Мои ноги вдруг ослабли. Я хотел рвануться следом за ней — я бы догнал ее, я все еще неплохо бегал, но ноги… Они неожиданно предали меня, своего хозяина.
— Что? Что ты сказала?
— Я была у доктора в Джеймстауне. Он сказал, что я беременна, батюшка. У меня будет ребенок от Наполеона.
И скрылась за дверью, оставив меня одного.
Я не догнал ее, как ни старался. Ноги не те, глаза не те, легкие, надорванные в заснеженных русских лесах — нынче у меня было слишком много противников. Ливень не утихал, гроза сверкала над головой, и проклятие садовника Тоби, Великий Извечный Отец, с удесятеренной энергией метал с неба молниями.
Я давно потерял дорогу и бежал напрямик, держа курс на светящиеся окна усадьбы. Издалека окна казались крохотными огоньками на болоте — я слышал, есть такие…
Ребенок.
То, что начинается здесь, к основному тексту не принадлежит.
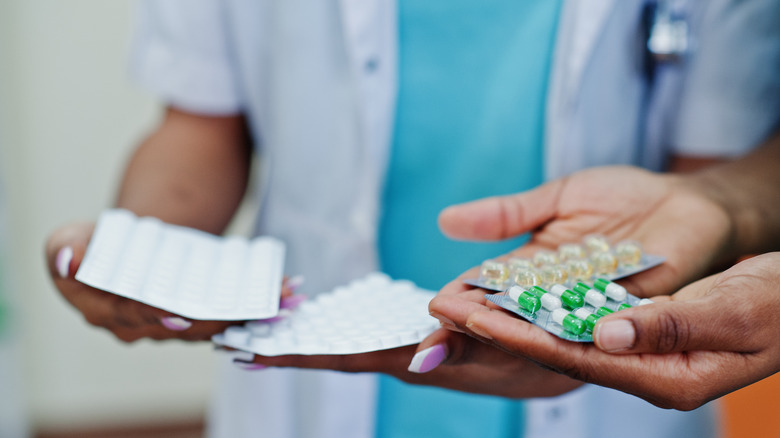 Two people holding four different medications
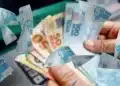 Mãos segurando notas de real para representar o saque de R$ 6.220 do FGTS, liberado para moradores de seis estados.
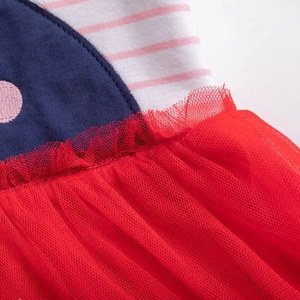 Detail of red tiered tulle skirt with navy polka dot fabric and striped cotton lining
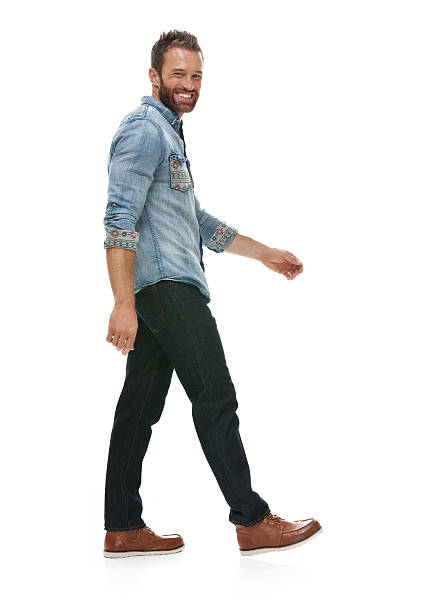 istock Smiling man walking and looking at camera 518386398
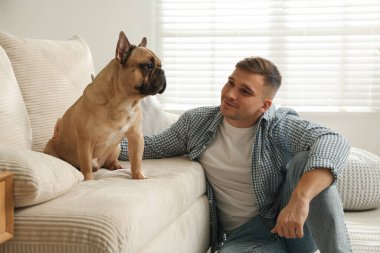 Evdeki kanepenin yanında tatlı köpeğiyle rahatlayan genç bir adam.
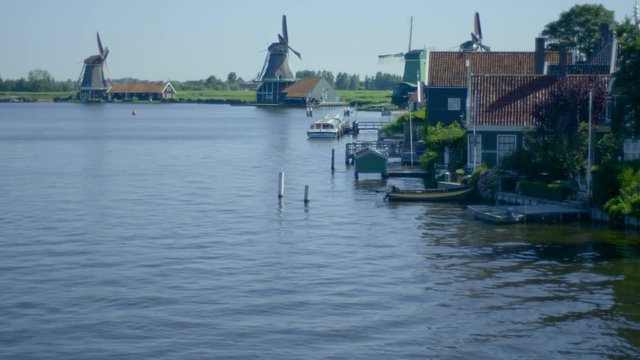 Mills of Koog aan de Zaan in Netherlands in the background while the river is in the foreground.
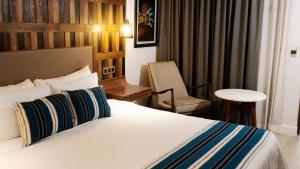 a hotel room with a bed and a chair at Hotel Indigo Guadalajara Expo, an IHG Hotel in Guadalajara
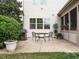 Cozy back patio with outdoor dining set and grill, ideal for entertaining and outdoor meals at 212 Listening Ridge Ln, Cary, NC 27519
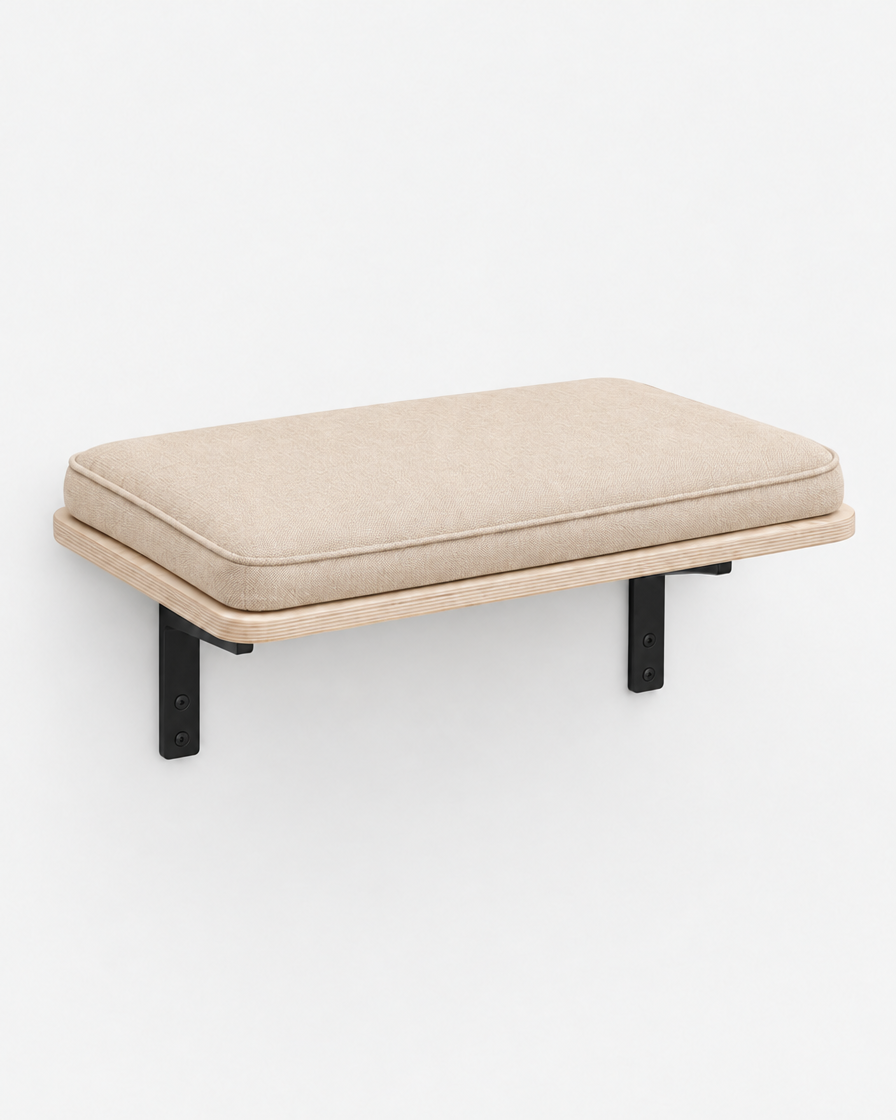 A wall-mounted birch plywood cat perch with two black brackets and a warm beige cushion, photographed on a plain light grey background.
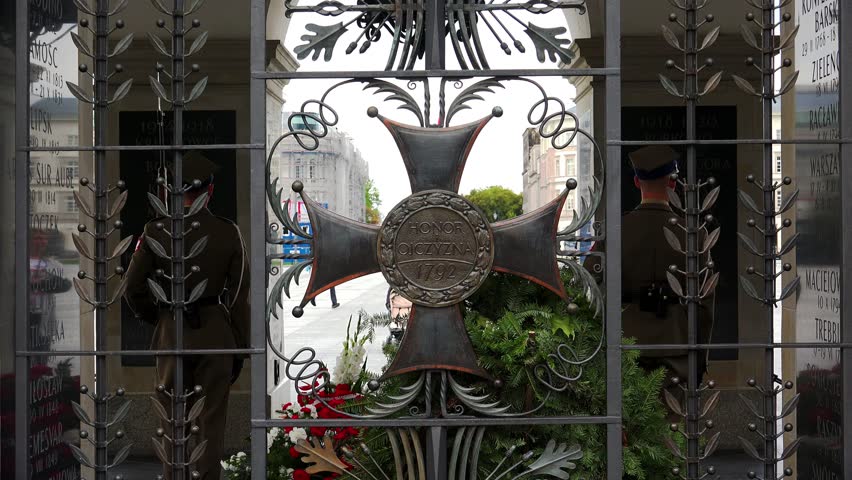 Honorary Guards on Duty next to the Tomb of the Unkown Soldier on Pilsudski Square, Warsaw. Poland. Shot in 4K (ultra-high definition (UHD)).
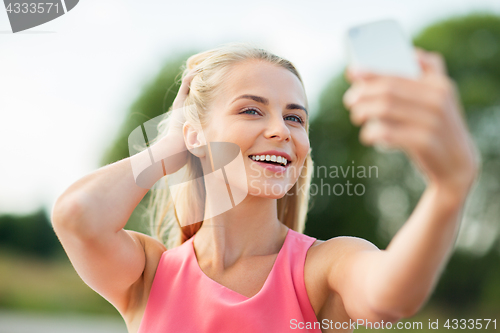 Image of happy woman taking selfie with smartphone outdoors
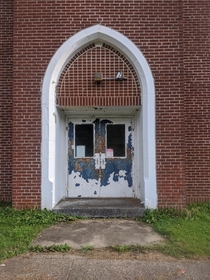 The entrance to an abandoned school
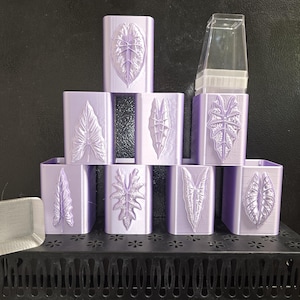 May include: A collection of seven light purple rectangular planters arranged in a pyramid, each featuring a unique embossed leaf design on the front. One clear plastic insert is visible in the top right planter, and a small square base sits nearby.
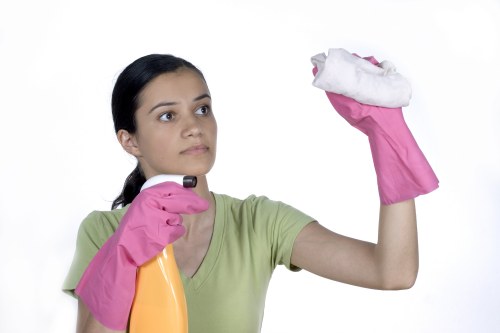 Surrey office cleaning team sanitising shared workspaces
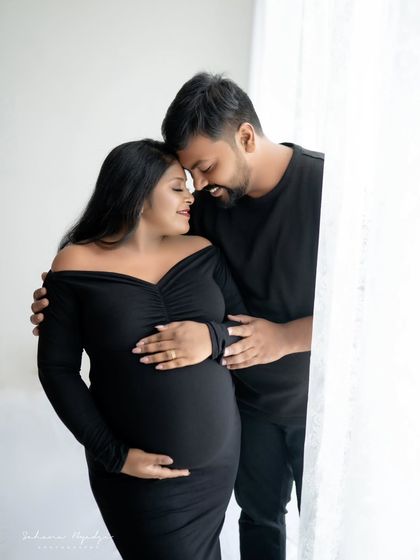 A sweet and intimate moment for the couple, both dressed in black. The soft window light creates a gentle and romantic mood for this portrait.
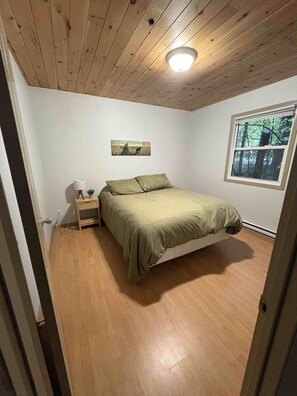 Un dormitori amb un llit, una tauleta de nit, una làmpada, un quadre a la paret i una finestra amb vista a arbres.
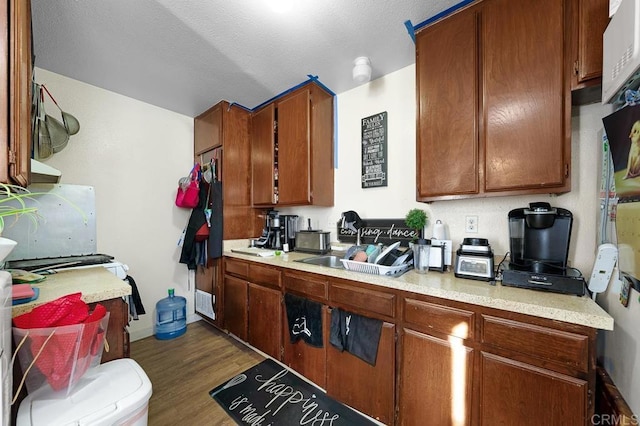 kitchen featuring sink, a textured ceiling, and dark hardwood / wood-style floors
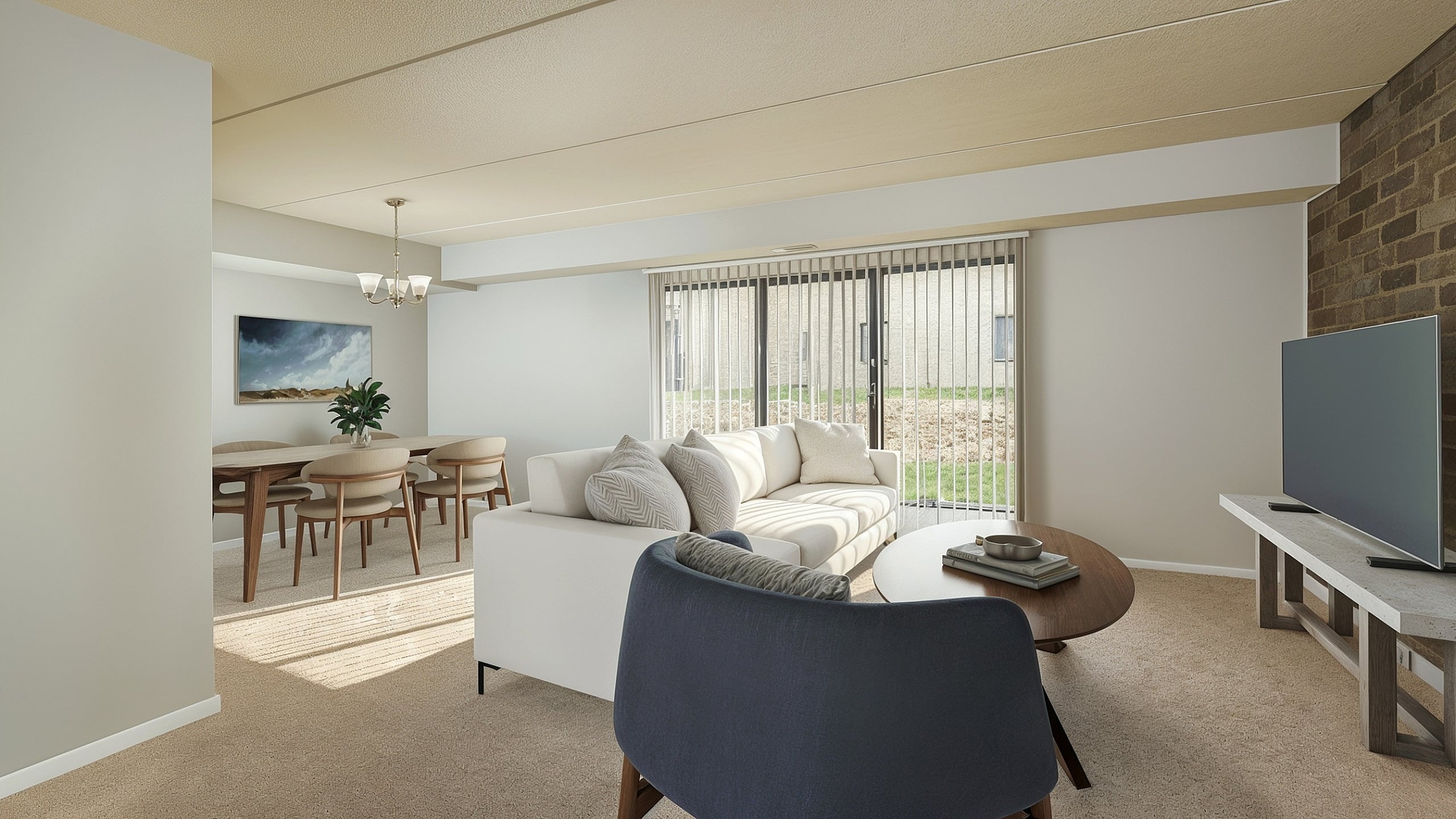 Elegant open-concept living and dining area with modern furnishings, large windows, and a cozy ambiance.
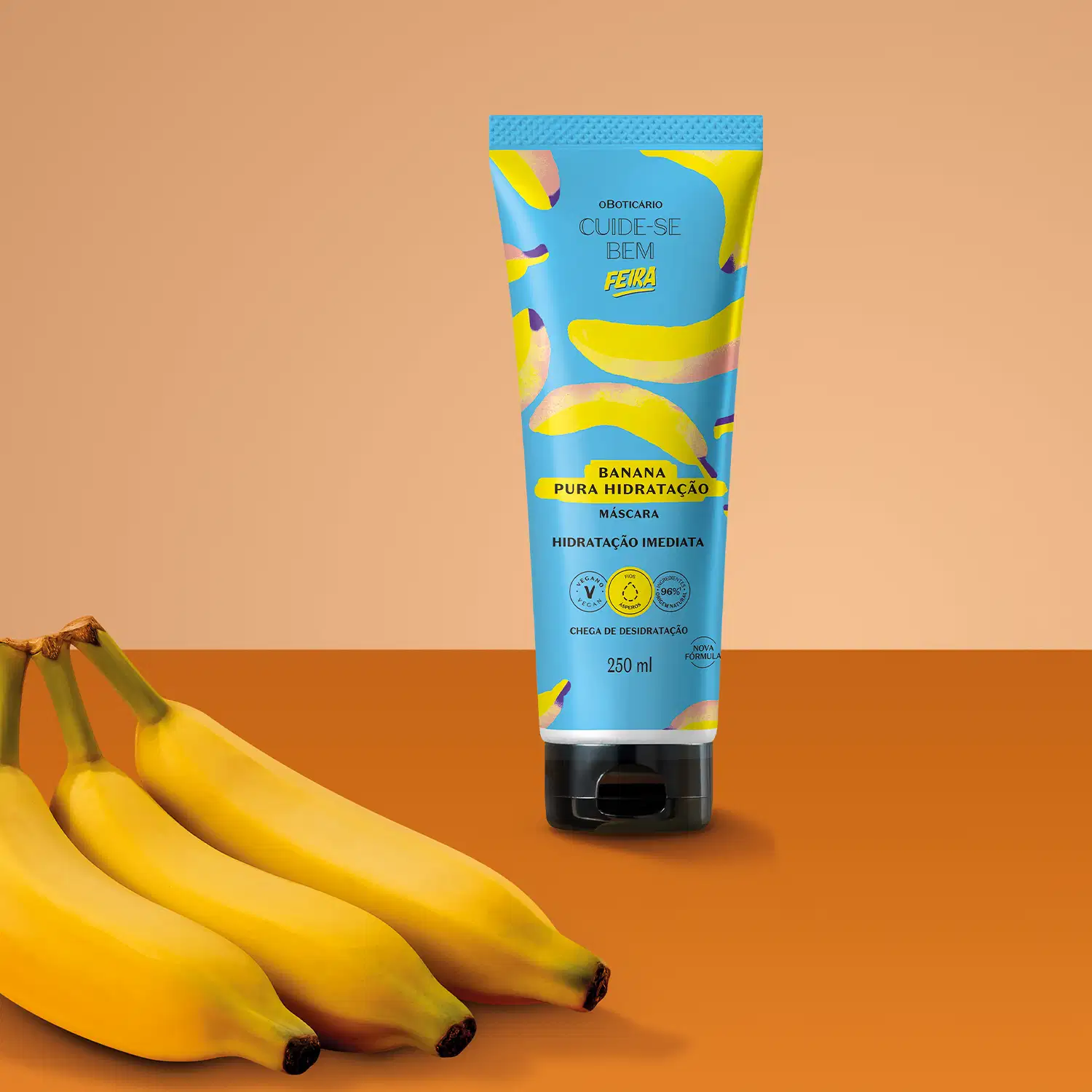 Imagem de um tubo azul com estampa de bananas amarelas de máscara capilar da marca Cuide-se bem Feira Banana, em fundo rosa e vermelho com bananas frescas ao lado.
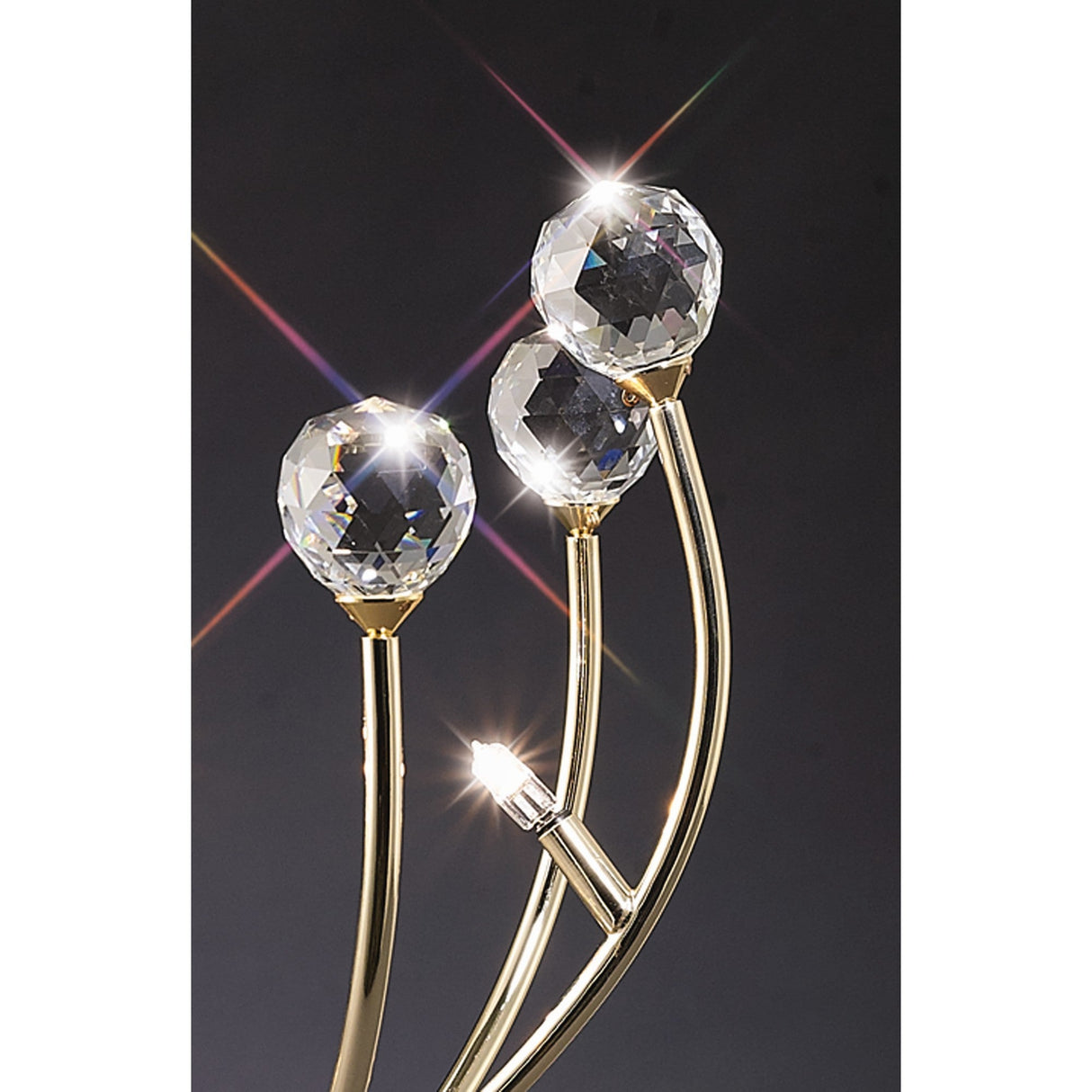 The Xeena 3 Light Crystal Table Lamp in French Gold features three gold stems holding crystal-like spheres that shimmer with light, creating a luxurious and elegant accent perfect for dark backgrounds.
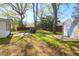 A view of the backyard with a shed and grill on a well-maintained lawn with mature trees at 5801 Chaucer Dr, Hanahan, SC 29410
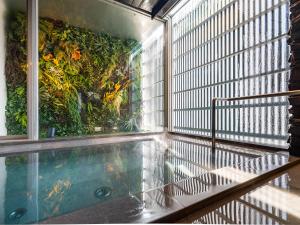 an indoor swimming pool with a view of a garden at Hotel Oak Shizuoka in Shizuoka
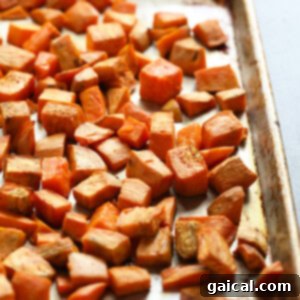Healthy roasted sweet potatoes on a baking sheet.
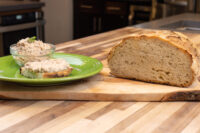 Bowl of Sardines Dip or Spread with herb garnish and a topped bread slice on a green plate beside a sliced loaf.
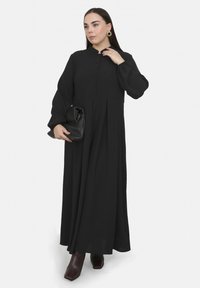 Schwarzes langärmliges Kleid mit Knopfleiste, plissiertem Rock und runder Halslinie. Modell hält eine schwarze Handtasche und trägt kastanienbraune Stiefeletten.
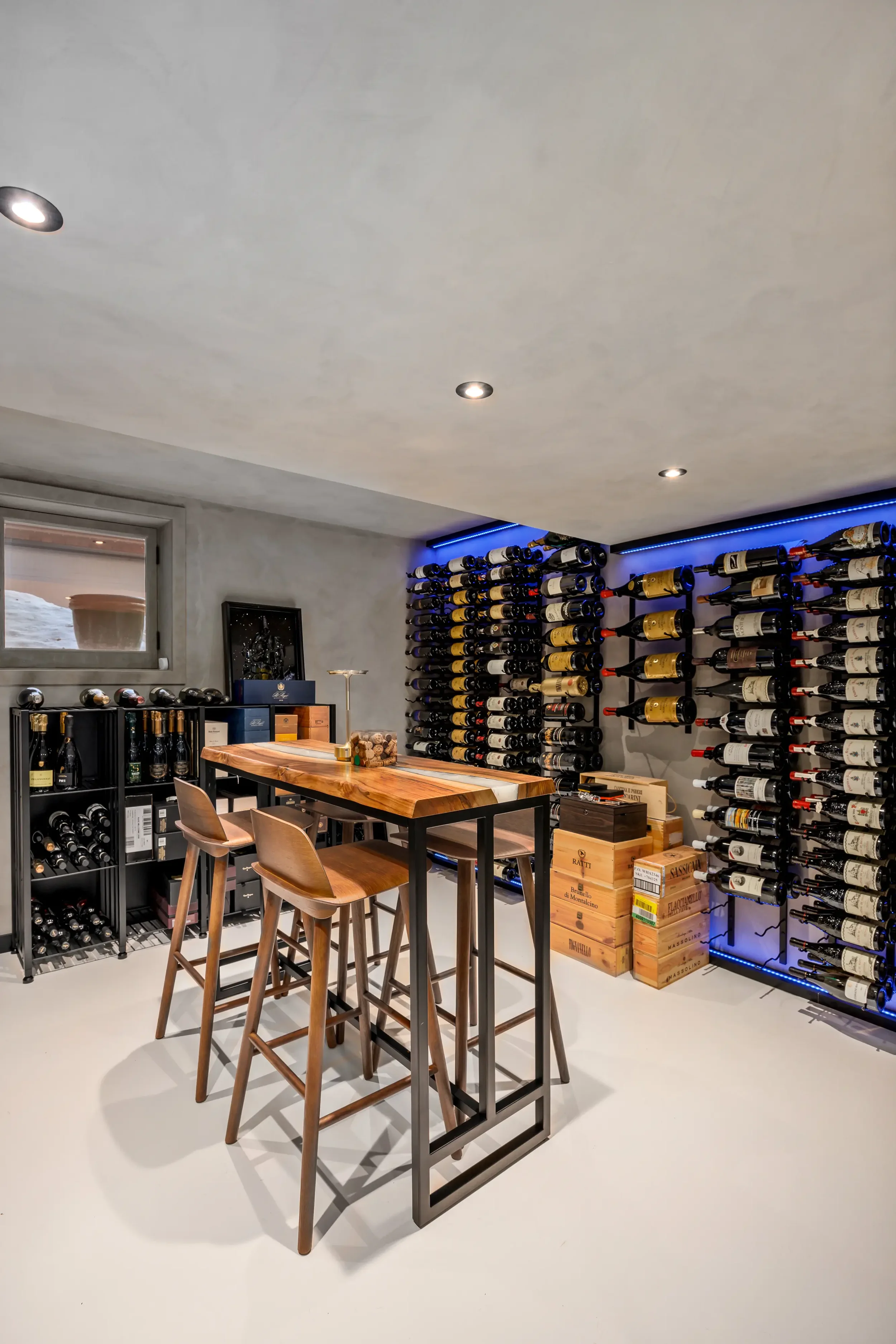 A cozy wine cellar with bottles stored on wall-mounted racks, a wooden table with chairs, a small window, and wine crates on the floor, illuminated by ceiling lights and ambient blue LED lighting.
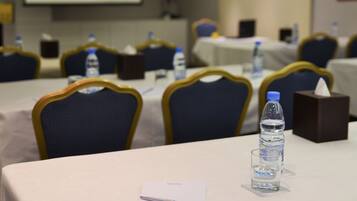 A conference room with tables set up for meetings, equipped with water bottles and tissues.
У моей дочери, принцессы де Конде, будет ребенок от Наполеона Бонапарта.
Я был мокр и грязен до такой степени, что будь в воротах Лонгвуда часовой — он бы меня не впустил. Однако ворота были пусты и раскрыты. Возле парадных дверей стояла двуколка доктора Антомарки. Я мимолетно удивился, почему никто не догадался поставить ее под навес…
Пусто было на веранде, пусто было в бильярдной, переделанной под приемную. Пуста была столовая, мимо которой я прошел, пуст был коридор… И только за его поворотом, возле дверей императорской спальни, стояли люди. Много людей — практически все, кто обитал в Лонгвуде.
Я не спросил, что произошло — я знал и так. Кто-то пропустил меня вперед, и я вошел с комнату…
Император лежал на кровати — он абсолютно не изменился с тех пор, как я оставил его два часа назад. Опущенные уголки провалившегося рта, серо-голубые веки, внезапно проступившая щетина, кисти рук поверх одеяла — синеватые, худые, напоминающие птичьи лапки… Тогда, два часа назад, спящего Наполеона можно было принять за мертвого. Теперь, глядя на мертвое тело, я не мог отделаться от ощущения, что император задремал. Должно быть, он очень удивится, открыв глаза и обнаружив скопление людей у себя в спальне…
Я опоздал. Видит Бог: я готов был на все. Я готов был вбежать в спальню и швырнуть на пол бокал с отравленным оршадом — я, убийца, посвятивший свою жизнь мести за моего герцога, готов был предать его.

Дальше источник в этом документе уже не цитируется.